A Elite agora acompanha apenas as seis garotas remanescentes da competição que designará uma delas como a futura princesa de Illéa. America se encontra em um dilema pessoal: ela está totalmente dividida entre Maxon, o futuro rei do país e Aspen, seu ex-namorado que trabalha como guarda real. Seus sentimentos estão confusos e ela alimenta a dúvida de que não nasceu para governar uma pátria e muito menos tem os modos necessários para ser coroada. Porém uma decisão precisa ser tomada. 

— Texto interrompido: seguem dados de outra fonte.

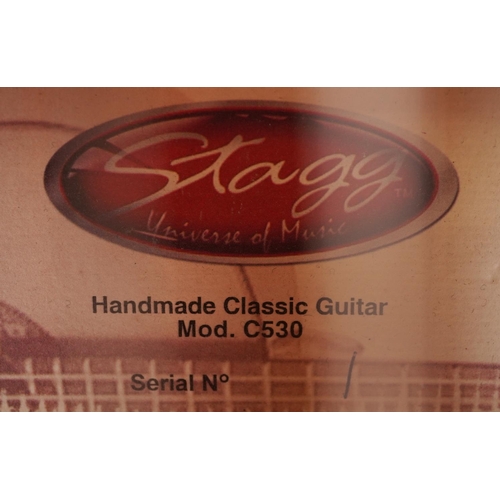 1039 - A Stagg classical acoustic six string guitar, model C530, 94cm in length.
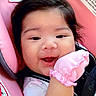 baby, infant, smile, pink_mitten, car_seat, child, dark_hair, cute, happy, face, close_up, indoor, seatbelt, apparel, young_child, head, skin, cheeks, expression, comfort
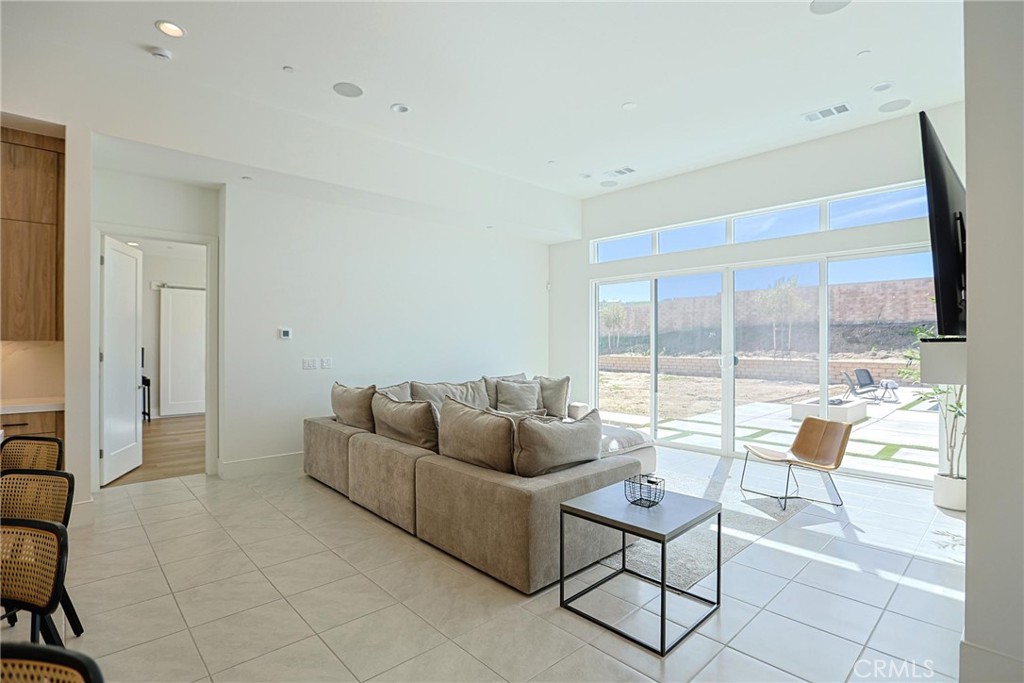 32213 Daybrook Terrace Temecula, CA 92591 - Photo 34 of 75 a living room with furniture and a floor to ceiling window
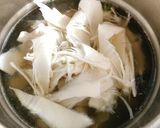 Hình bước làm 3 của món Canh Măng Chua Nấu Cá Cơm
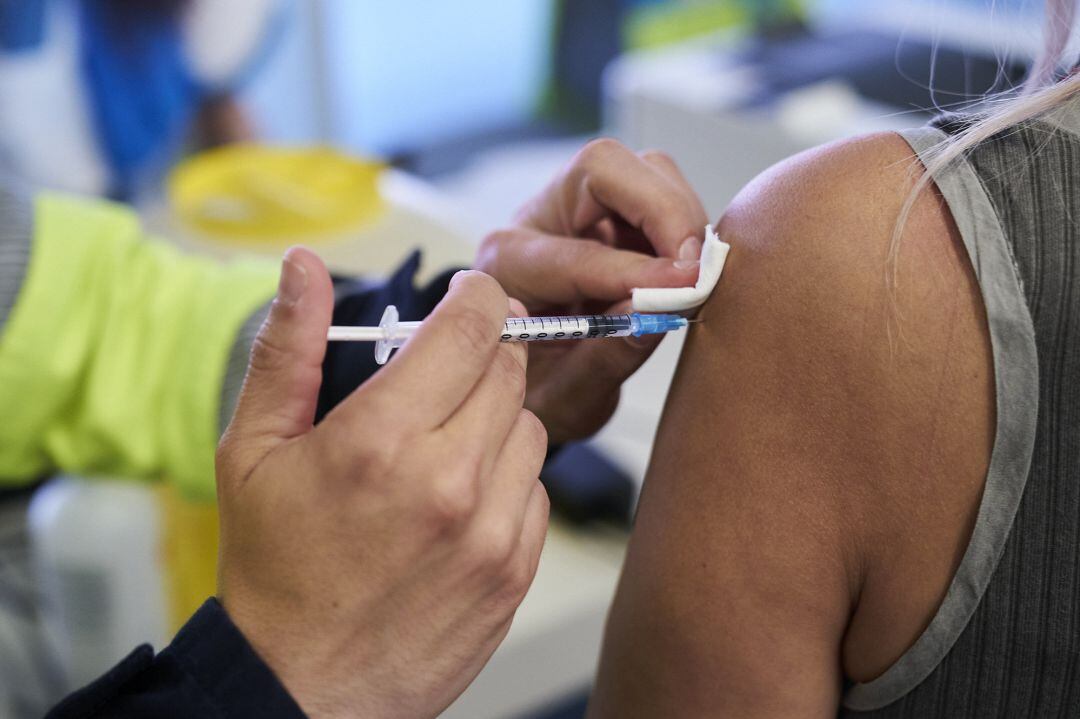 Un sanitario vacuna a una mujer con la dosis de Pfizer 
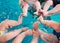 A group of mothers with their young children in a children`s swimming class with a coach.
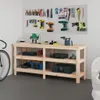 A workbench with tools and storage bins in a workshop setting. Anteprima dell’immagine prodotto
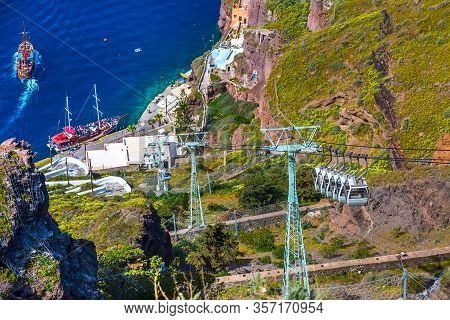 Fira, Santorini Island, Greece Panoramic View, With Cable Car Cabins From Old Port, High Volcanic Ro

Antes das minhas análises, críticas e elogios, devo confessar que por pouco não abandonei esse livro. A leitura não fluía, a cada vinte páginas procurava algo mais interessante para fazer e o fato de estar em inglês me dava uma certa preguiça. Porém me agarrei a esperança que talvez tudo pudesse mudar e houvesse uma reviravolta que me deixasse completamente sem fôlego e - depois de uma semana - finalizei essa obra. 

A protagonista neste volume se transformou em uma típica personagem principal de YA só que com uma característica que se destaca das outras: A indecisão. Como já disse, eu não gostei nem um pouco do triângulo amoroso que a autora construiu e continuo com a mesma opinião. Se a Kiera Cass o inseriu com a intenção de prender o leitor e fazê-lo torcer por algum, ela errou drasticamente com os elementos. Aspen não transmite emoção, o Príncipe Maxon perdeu aquela personalidade encantadora que tinha e passou a se tornar ausente. E America não ajudou com seu comportamento, ora queria um ora queria outro fazendo com que parecesse uma criança ao contrário de uma integrante de um mundo distópico.

Os ataques dos rebeldes não tem tanto foco e perdem a ação que deveriam possuir pois não são narrados além das paredes do abrigo ou dos estragos causados após deles. E a explicação para isso tudo não é muito bem trabalhada. Sem falar da recapitulação dos acontecimentos da Seleção me deram a impressão de que se alguém quisesse começar a acompanhar a trilogia a partir desde que estou resenhando, não ficaria perdido.

Devo dizer que fiquei muito decepcionada, porque A Elite tinha potencial para ser melhor, porém a autora preferiu se prendeu a problemas adolescentes e esclarecimentos vagos esquecendo dos deslizes que precisavam ser reparados.

Realmente não recomendo para quem não gosta de triângulos amorosos, heroínas perdidas e indecisas, porque possivelmente você poderá estar prestes a embarcar em um completo desapontamento.